In an important development in the field of addiction treatment, the American Board of Medical Specialties (ABMS) has announced the addition of Addiction Medicine as a new medical subspecialty, open to any medical doctor. Previously, psychiatrists were the only physicians who could subspecialize in Addiction Medicine.  Now, doctors with any primary medical specialty will be eligible to apply for the Addiction Medicine certification.  These physicians will be experts in substance use disorder (SUD) and its related medical issues.

“This is a great day for addiction medicine,” Dr. Robert J. Sokol, president of the American Board of Addiction Medicine (ABAM), said. “This landmark event, more than any other, recognizes addiction as a preventable and treatable disease.”

Addiction Medicine (ADM) is defined as the prevention, evaluation, diagnosis and treatment of persons with the disease of addiction, of those with substance-related health conditions, and of people who show unhealthy use of substances including nicotine, alcohol, prescription medications and other licit and illicit drugs. Physicians specializing in Addiction Medicine also help family members whose health and functioning are affected by a loved one’s substance use or addiction.

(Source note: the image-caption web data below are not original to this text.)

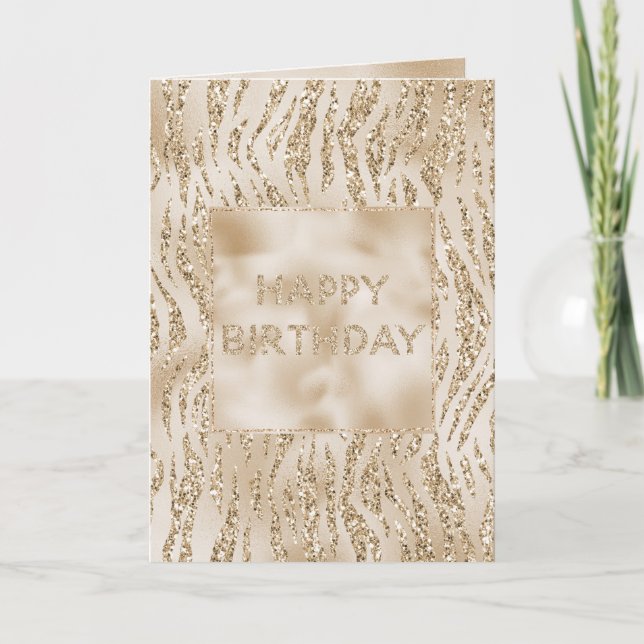 Carte Gold Luxe Parties scintillant Zebra Imprimer Anniv (Devant)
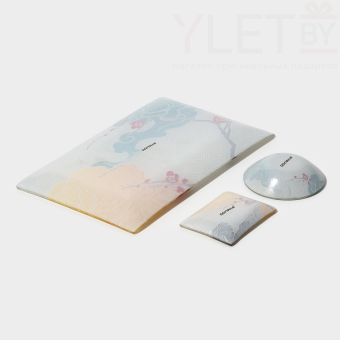 Набор для суши из стекла «Абстракция», 3 предмета: соусники 8×2 см, 8×6 см, подставка 25×15×2 см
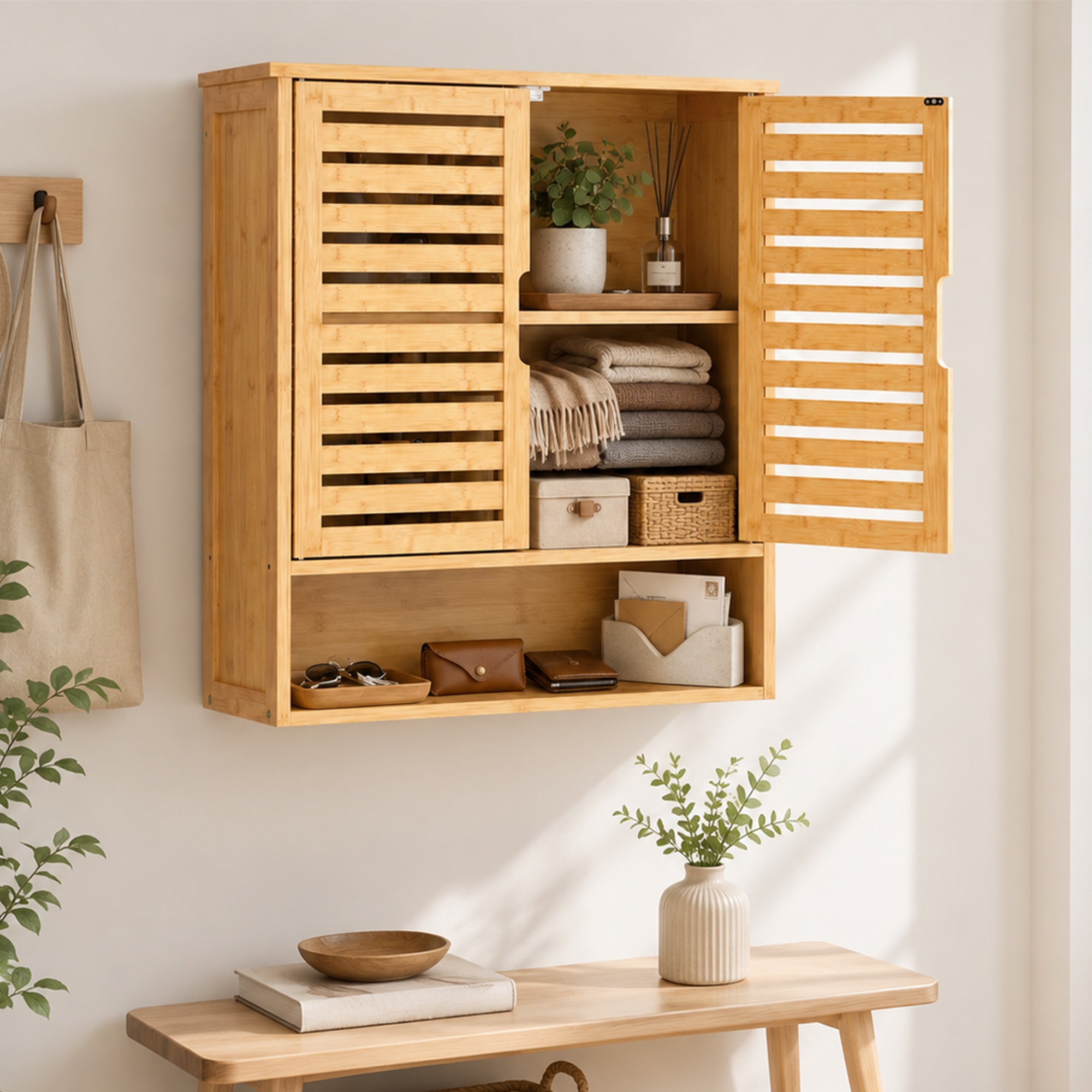 Bathroom Wall Cabinet, Wall Mounted Bathroom Cabinet with 2 Louvered Doors, Open Shelf and Adjustable Shelf Storage for Toilet, Laundry, Oak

Doctors who are certified by any of the 24 ABMS member boards can apply for the Addiction Medicine certification. Being board certified in a specialty or subspecialty means that a physician has been credentialed to work as a medical specialist in a specific area, by completing an approved educational program and meeting the highest standards in their field of work.

“This recognition by ABMS will help assure patients and their families that the care they receive is grounded in science and evidence-based practice,” said Patrick G. O’Connor, MD, MPH, Immediate Past President of ABAM, who worked closely with the American Board of Preventive Medicine (ABPM), and the ABMS Member Boards to help achieve this significant event. “It will also mean more visibility for this subspecialty among medical students and residents, and will ultimately increase the number of physicians who are trained and certified as addiction medicine specialists.”

Recognizing AMD as a subspecialty will add legitimacy to the field of Addiction Medicine, enable the accreditation of training programs in AMD, expand the base of doctors who can knowledgably treat SUD’s (many will be able to do so in primary care settings), facilitate insurance coverage for patients seeking and receiving services from board-certified addiction specialists, and facilitate reimbursement to physicians, clinics, hospitals, and health systems that offer services in Addiction Medicine.

“This is a positive development that has the potential to address a serious public health problem,” Dr. Daniel Lieberman, Clinical Director of the Psychiatry and Behavioral Health Department at George Washington University, said. “This action will reassure doctors who are interested in addiction medicine that the time and effort they put into obtaining additional training will give them the status of a subspecialist with recognized expertise. It may also encourage young doctors to consider addiction medicine as a career path.”

ABPM is working on implementing the details of the new subspecialty, including the development of the first Board Certification exam. ABPM will post updates on its website as they are available.